SimpleDB is good for a lot of things, but the unpredictable costs (since you're charged for box usage which varies) and network latency make it unsuitable for logging at scale. (like, what if you get 100's of error messages a second?)<p>We use a decidedly low-tech scheme. We log everything to files on local storage. Then we use a command line tool to periodically sync these to S3. Each instance gets its own folder.<p>When we want to query, we have several options. We can run good old grep or tail on one instance -- or on several instances with pssh. We can use the S3 command line tool to process multiple files on an admin machine. Or we could use Hadoop to mess with files in S3 (haven't done that yet...!)<p>Not as snazzy as having each log record stored in a structured fashion, but it's a lot cheaper than SimpleDB.
I put together a similar logging setup for our servers recently; except I'm using CouchDB for my store and NLog (said servers are C#) for the library. Reasons I'm using Couch instead of SimpleDB:<p>1) REST+JSON API made integrating it super-simple (had to add a single line to NLog to set MIME types to make Couch happy)<p>2) We use SDB in our service; so if SDB blows up, not only would things break, we couldn't easily get at our logs to see why.<p>Biggest drawback I've found to Couch in this context is that it loves to devour disk space; you quickly learn to cron some compaction jobs.

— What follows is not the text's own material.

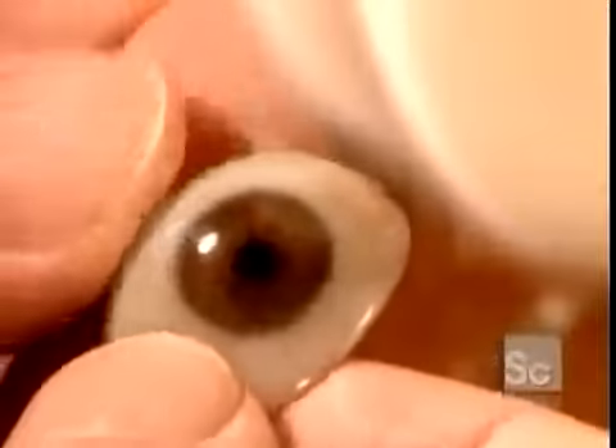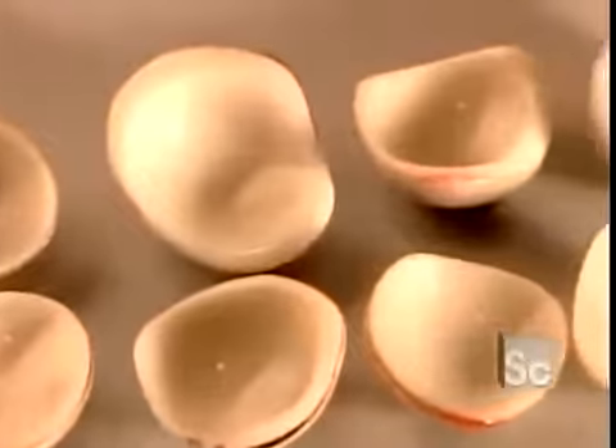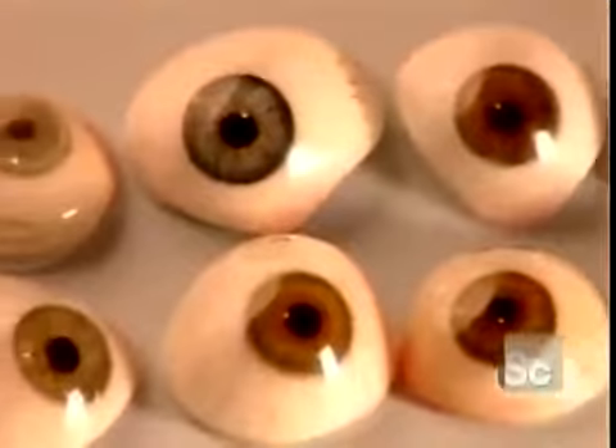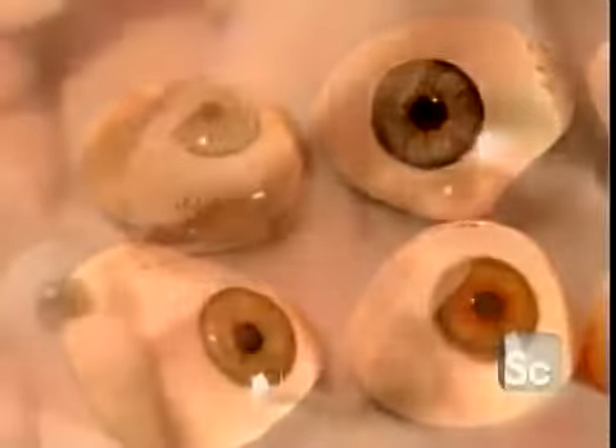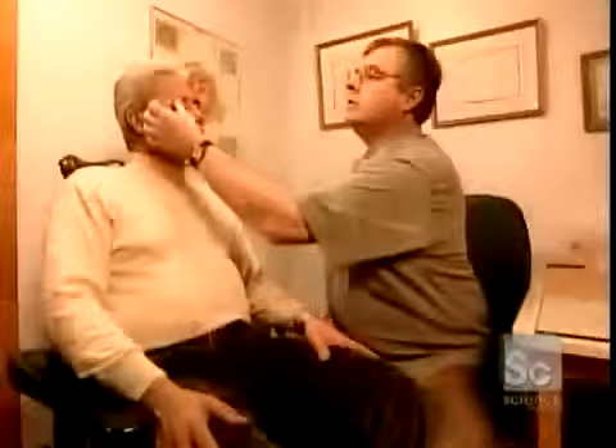Once that cures, they polish the eye to a shine with a cotton wheel. The shapes and colors of artificial eyes are endless, because patients' eye sockets and irises vary greatly, as do their sclerus — the white of the eye. This artificial eye, or ocular prosthesis, is ready.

Thanks for your addition. At Peecho, we figured that if SimpleDB goes down, logging would be the least of our troubles. Read here how we tried to maintain our uptime:
<a href="http://www.peecho.com/blog/minimizing-downtime-on-amazon-aws.html" rel="nofollow">http://www.peecho.com/blog/minimizing-downtime-on-amazon-aws...</a><p>--------
Please vote for Peecho in the race for the Accenture Innovation Awards: <a href="http://goo.gl/3xLlC" rel="nofollow">http://goo.gl/3xLlC</a>
Logging seems like the perfect candidate for a relational database. It's a write-heavy system with need for powerful ad-hoc query capabilities. Am I missing something? Why put this in a key-value store?
How do you get around the 10GB/domain limit?<p>What do you do when your fleet gets big enough that you start getting throttled?<p>What's the query latency?<p>How do you delete old log data?